Data warehouses are fairly simple. They are built to accommodate a business’s data, often its structured data, although with a little tweaking unstructured data can be stored in them too.
Everything is usually kept inside a relational database and - as always with relational databases - the upside is speed of processing and the downsides are some inflexibility about kinds of data that can be handled along with heavy demands for costly hardware to run the SQL databases.
But as businesses look to cut costs, particularly with open source, and as commodity servers in the cloud become a new standard for running IT operations, this basic structure is beginning to be questioned.

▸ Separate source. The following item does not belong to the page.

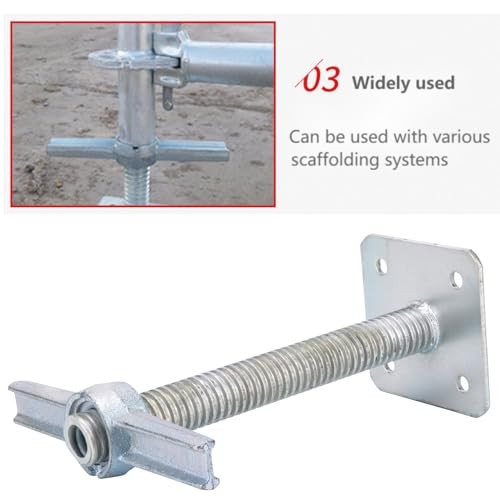 Scaffolding Screw Jacks 12″ Leveling Galvanized 2 Pack – 8000 LBS Load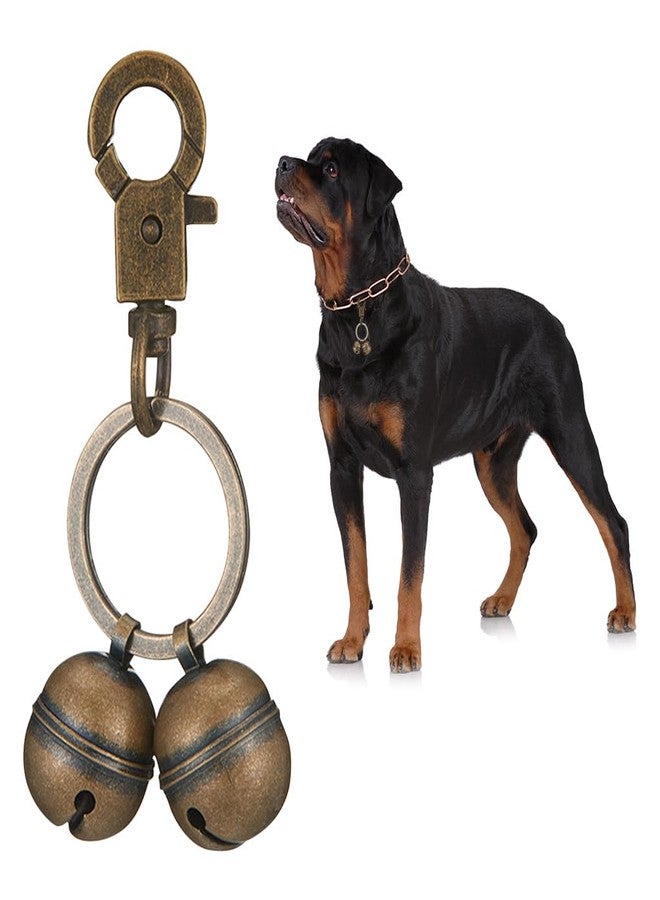 Qpets طوق كلب قابل للتعديل من كيو بيتس® مع جرس أمان، هدية عيد ميلاد أنيقة للحيوانات الأليفة، إكسسوار معدني نحاسي عتيق للحيوانات الأليفة مع مشبك سريع الفتح وسلسلة مفاتيح مضادة للضياع للكلاب - Image 1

Over the long term, private warehouses will continue to thrive, but they likely will make themselves open to manipulation by open tools such as Hadoop and NoSQL databases. It’s increasingly said that enterprise needs a new data fabric that accommodates the growing diversity of data types. Hybrid kinds of arrangements - where relational databases blend in with NoSQL databases - will likely emerge as solutions, at least in the short term.
But the other reality is that ours is an era of humongous data - really, really big data - and inevitably that will break many, perhaps not all, data warehouses as presently conceived. What’s keenly needed is big and fast data and the latter of course is not always easy to achieve with Hadoop, but there’s a stampede of plug-ins and tweaks designed to coax Hadoop into realtime, fast processing.
MongoDB of course already has announced integration with Hadoop that allows MongoDB data sets also to be manipulated by Hadoop and a plus is that data set size - for all practical purpose - ceases to be much of an issue. However big the data, bring it on.
The key of course is that - in their essences - Hadoop and MongoDB are fundamentally very different. MongoDB was written for data storage, not processing, and also data retrieval, while Hadoop was written to process data, particularly massive data sets. But those differences are why they can work together.
Processing can be done in Hadoop, then sent for storage in MongoDB, building on the strengths of each. And that is exactly the kind of strengths needed in a world where the new normal is really big data.
Ask yourself this, do you envision data warehousing needs diminishing, holding the same, or growing?
If the last, get to know Hadoop because it will become a part of your life. At least you will hope it does.